Bernanke did not exactly come out swinging, and he dedicated the first half of his speech to explaining how the Federal Reserve had “spent a good deal of effort attempting to understand the reasons why the economic recovery has not been stronger."
"The pace of recovery has been slower than the FOMC (Federal Open Market Committee) participants and many others had hoped or anticipated when I spoke here about three years ago,” Bernanke said.
He then proceeded to go over most of the explanations the Fed has provided in the past for that phenomenon, including a slower depressed housing market, overly tight banking standards and the effect on household finances of budget cuts at the local and state level.
Bernanke also suggested that the U.S. economy’s potential growth rate might have taken a hit as a result of the financial crisis, explaining that “slower growth of potential output would help explain why the unemployment rate has declined in the face of relatively modest output gains we have seen during the recovery.”
But the real fireworks came in the second half of his speech, when Bernanke delivered what amounts to his clearest criticism so far of U.S. policymakers' efforts to resolve federal fiscal issues.
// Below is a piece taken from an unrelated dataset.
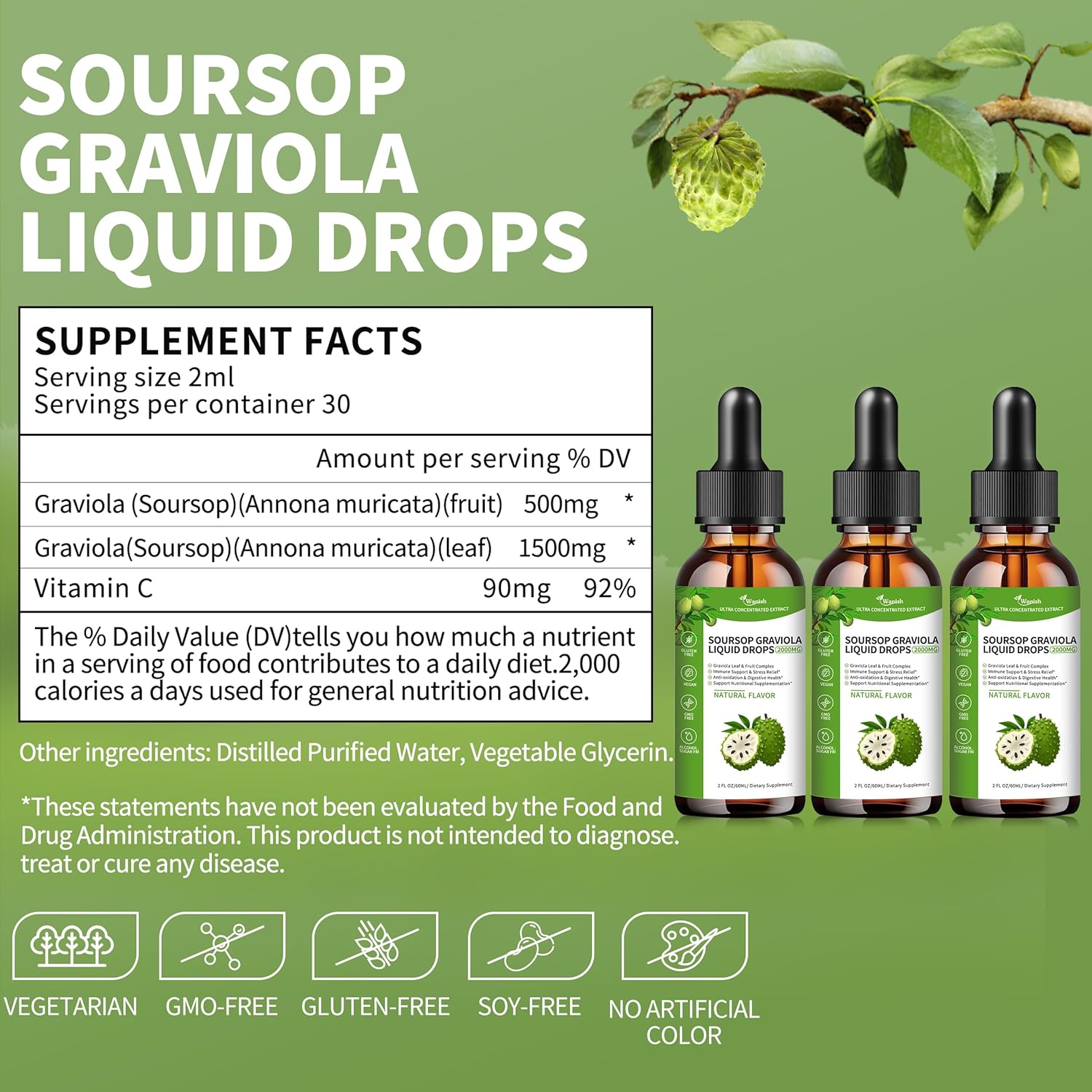 Soursop Graviola Liquid Drops (3 Pack) - 2000mg, Supports Cell Health, Immune Boost, Liver Function - Natural Flavor, Sugar/Gluten Free - 6 Fl Oz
Bernanke spoke of “two daunting challenges” of avoiding “the so-called fiscal cliff” and then tackling the “urgent issue of longer-run fiscal sustainability.” These challenges, he said, must be addressed in a step-wise fashion, “one step by the start of the new year and the other no later than the spring.”
The two-step approach makes sense, Bernanke explained, since “preventing a sudden and severe contraction in fiscal policy early next year will support the transition of the economy back to full employment; a stronger economy will in turn reduce the deficit and contribute to achieving long-term fiscal sustainability.”
Near the end of his speech and in the question-and-answer session that followed, the Fed head particularly focused on how “uncertainty,” while hardly quantifiable, was the main thing policymakers should try to avoid.
Continuing to push off difficult policy choices will only prolong and intensify these uncertainties,” Bernanke said, asking Congress “to deliver a reasonable solution with a minimum of uncertainty and delay.”
Bernanke even suggested at one point that any kind of forceful deal would be better than no deal at all.
"We'll see what kind of deal comes out," Bernanke said in response to a question, from Harvard University economist Martin Feldstein, about what would happen if negotiations to avoid the fiscal cliff still end up causing deep tax increases.
"You're correct that even if some extreme scenarios are avoided, some plausible scenarios involve relatively contractionary policy. It’s up to Congress and the President to figure out how they want to make the trade-off.”
Asked specifically about uncertainty by another club member, he noted that “thirty years ago, when I was an economics grad student, I wrote my dissertation on how uncertainty affects investment spending … and I concluded it was not a good thing.”
To laughter from the audience, Bernanke concluded: “And they gave me a Ph.D. for that.”